Following on from our initial conversation, we’ve been speaking with lead engineer, Nick Barton. Nick has just rolled off one of our biggest projects following a great success in a major release and we’ll be speaking to him about how he’s managed the team who succeeded in this.
The release was a substantial Azure migration under intense time restraints. AL’s role was providing DevOps Engineers working on both development and operations roles, with Nick running the project. The Azure migration meant shifting a huge number of applications to public cloud which were previously on-premise. The challenge included migrating 400 servers, and 6 main applications comprising of around 50 microservices in total. To complete the workload we formed an initial team of 7 AL engineers, scaling up when needed, to work on building the new infrastructure over 8 months, overcoming many challenges including a lack of detailed design and frequent changes in priority.
We caught up with Nick to get some more information on how he managed this release to gain some insight into usable management techniques for these large-scale projects.
Why was this project particularly challenging for the team?
The project needed to be planned and releases given deadlines when we arrived on site. The nature of our clients working in highly regulated industries means we have to be prepared for external drivers creating hard deadlines, even if we’re missing key dependencies at the time. Estimating timescales for these types of projects, as every architect and engineer will know, always comes with a risk. Despite Agile methodologies offering a number of estimation techniques such as Affinity Mapping and The Bucket System, they all stress that it’s near impossible to get an accurate estimation and it only gets harder the longer the time-frame you’re estimating for.
This is why the team works in short sprint cycles, the extra detail you acquire as you move forward sheds more light on the next step, especially when you add in some architectural planning. We realised that the initial timescales we’d estimated were around 50% out, so quite a difference.
How did you pull together to deliver under pressure?
Our main achievement when we realised the challenges we were facing was to prioritise getting other disciplines such as security and architecture embedded within the team. Simply having them involved in the day to day stand-ups and able to answer questions as and when they came up rather than working in a big feedback loop made a huge difference. We came up with a solution quickly and automatically had their buy-in.

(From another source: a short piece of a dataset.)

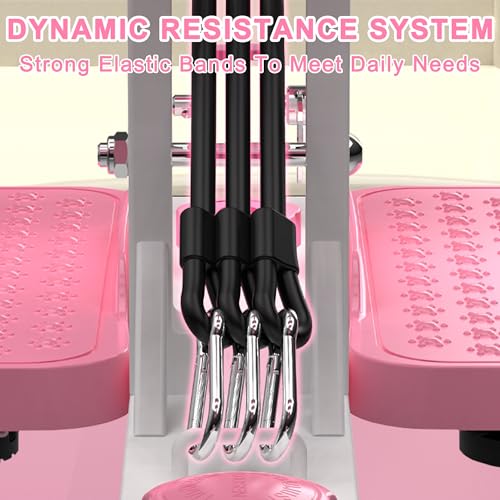 Entrenador para sentadillas deep squat rosa compacto miniatura 4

In terms of our AL team, I appointed Anna, one of our engineers who has actually just been shortlisted for the young professional of the year award, as a lead for the project, responsible for breaking down tasks for engineers. Giving them work they could get on with rather than seeing only the huge milestone ahead. That made a big difference.
It became clear we would need to work extra hours to get things done. Overtime payment, toil and days off in lieu were all in place and it became apparent that deflecting the team from the pressure of these deadlines wasn’t the best way to go.
The reality is, most people thrive under a little bit of pressure. I had to take a step back and get everyone involved in the planning of the work. Despite ambitious deadlines, allowing them to break it down and say ‘we can do this in these steps’ made it seem achievable to everyone.
I focussed more on team morale than incentives, we’re all invested in this project and everyone wanted to see it work. Little things like arranging a weekend working at our HQ for a change of scenery, the occasional lunch or after work drinks. The aim was motivation but ensuring they all still got their downtime. Getting the buy-in from the engineers on wanting to achieve this was all it took, they know what it means to AL and what it means to the future of the client.
When it came down to the wire you were faced with the risk of something going wrong, how did you keep a cool head and keep the team motivated?
It all starts with a calm discussion. Trying to get to the bottom of the issue and coming up with alternative solutions for discussion that will get buy-in from all different teams. Really, it sounds simple but it’s giving people the opportunity to try things out. In a way, having systems in place for failure and giving people autonomy works out better in the long run than trying to dictate people’s actions.
Otherwise, in a serious crisis, it comes down to getting the right people to swarm around it. Ensuring my team are giving me regular updates, giving them a direct communication channel to save time repeating things and mitigating the risk of miscommunication. Open communication without pressure is key.
When it came down to it as long as the communication was strong, the team could act in a more flexible manner. Accepting changes in priorities and being flexible helps reach the end goal more efficiently.
There isn’t an exact science to it managing something that doesn’t go as initially planned. All you can do is scope out the changes you need to make, work out how it’s going to impact other things, and impress the importance of prioritisation. It sounds simple but without weighing up the other aspects of the project you can easily do something that will have more of a negative impact. Being honest with your client is also really important, it’s better to say ‘We can do this, but there’s a compromise that we’ll have to rectify at a later date, or we can do this and revisit that’
Most important for me was taking the time to truly understand the aims of the project. Not just what we need to do but the wider business impacts and drivers. For example, there are times when you know the main goal is cost reduction – knowing that means when you’re planning you’ll choose the most cost-effective option which may help save costs in other areas of the business.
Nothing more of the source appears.